In the publication Svensk Botanisk Tidskrift (1995), Professor Hakon Hjelmqvist published an article on pre-Columbian chili peppers in Europe. In an archaeological dig in the block of St. Botulf in Lund, archaeologists claimed to have found a Capsicum frutescens in a layer dating to the 13th century. Hjelmqvist also claims that Capsicum was described by the Greek Therophrasteus (370-286 BC). He also mentions other antique sources. The Roman poet Martialis (around the 1st century) described “Pipervee crudum” (raw pepper) to be long and containing seeds. The description of the plants does not fit pepper (Piper nigrum), which does not grow well in European climates. [5]
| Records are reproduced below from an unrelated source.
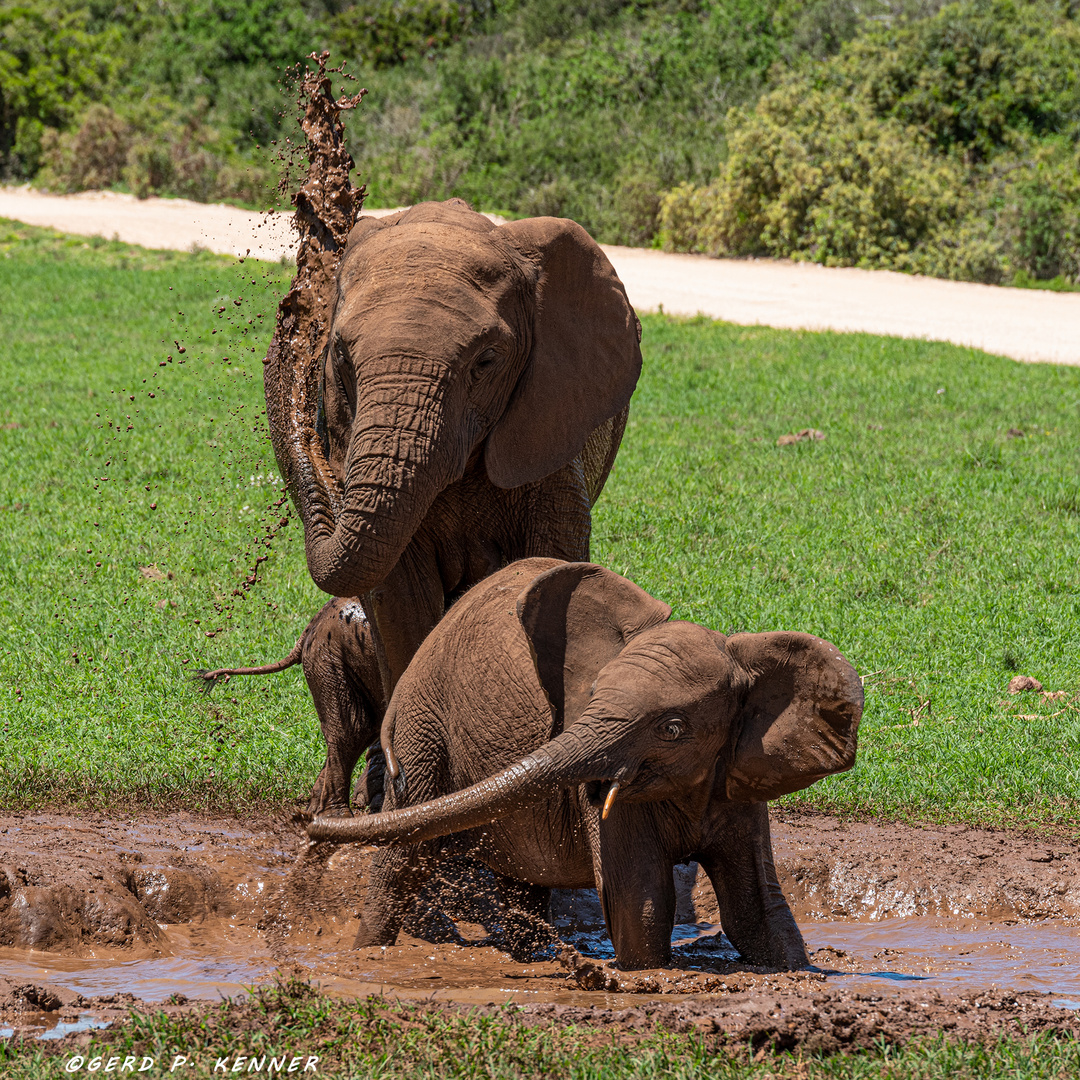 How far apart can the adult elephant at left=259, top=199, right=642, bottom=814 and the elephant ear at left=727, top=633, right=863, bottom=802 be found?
1177mm

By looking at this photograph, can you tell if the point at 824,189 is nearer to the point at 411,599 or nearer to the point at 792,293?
the point at 792,293

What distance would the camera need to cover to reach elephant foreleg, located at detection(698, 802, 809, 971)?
4.84 meters

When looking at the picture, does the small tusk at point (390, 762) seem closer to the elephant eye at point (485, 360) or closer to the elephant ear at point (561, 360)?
the elephant ear at point (561, 360)

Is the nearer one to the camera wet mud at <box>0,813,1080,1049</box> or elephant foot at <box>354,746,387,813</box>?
wet mud at <box>0,813,1080,1049</box>

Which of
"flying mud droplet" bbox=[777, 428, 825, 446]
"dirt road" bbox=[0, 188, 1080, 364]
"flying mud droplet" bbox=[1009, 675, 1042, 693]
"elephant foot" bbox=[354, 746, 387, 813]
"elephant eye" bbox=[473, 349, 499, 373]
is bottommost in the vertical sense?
"dirt road" bbox=[0, 188, 1080, 364]

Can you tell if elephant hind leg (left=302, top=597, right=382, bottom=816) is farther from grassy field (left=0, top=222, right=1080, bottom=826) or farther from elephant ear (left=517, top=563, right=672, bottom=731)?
elephant ear (left=517, top=563, right=672, bottom=731)

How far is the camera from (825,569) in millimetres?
11047

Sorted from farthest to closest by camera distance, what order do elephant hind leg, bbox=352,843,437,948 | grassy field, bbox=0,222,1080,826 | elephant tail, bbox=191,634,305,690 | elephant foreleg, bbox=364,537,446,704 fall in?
grassy field, bbox=0,222,1080,826 → elephant tail, bbox=191,634,305,690 → elephant foreleg, bbox=364,537,446,704 → elephant hind leg, bbox=352,843,437,948

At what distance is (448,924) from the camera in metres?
5.74

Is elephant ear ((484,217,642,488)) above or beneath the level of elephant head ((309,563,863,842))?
above

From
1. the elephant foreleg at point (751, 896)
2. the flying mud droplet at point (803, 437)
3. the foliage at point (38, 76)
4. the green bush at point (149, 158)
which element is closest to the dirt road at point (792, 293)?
the green bush at point (149, 158)

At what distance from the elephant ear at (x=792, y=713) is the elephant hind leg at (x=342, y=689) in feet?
7.40

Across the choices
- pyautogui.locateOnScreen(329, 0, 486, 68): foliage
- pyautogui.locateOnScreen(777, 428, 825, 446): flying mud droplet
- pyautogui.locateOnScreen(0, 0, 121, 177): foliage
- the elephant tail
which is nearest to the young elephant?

Christopher Columbus was one of the first Europeans to encounter them (in the Caribbean), and called them “peppers” because of their similarity in taste (though not in appearance) with the Old World peppers of the Piper genus. Columbus was keen to propose that he had in fact opened a new direct nautical route to Asia, contrary to reality and the expert consensus of the time, and it has been speculated that he was therefore inclined to denote these new substances as “pepper” in order to associate them with the known Asian spice.[citation needed]

Chilis were cultivated around the globe after Columbus’ time.[6] [7] Diego Álvarez Chanca, a physician on Columbus’ second voyage to the West Indies in 1493, brought the first chili peppers to Spain, and first wrote about their medicinal effects in 1494.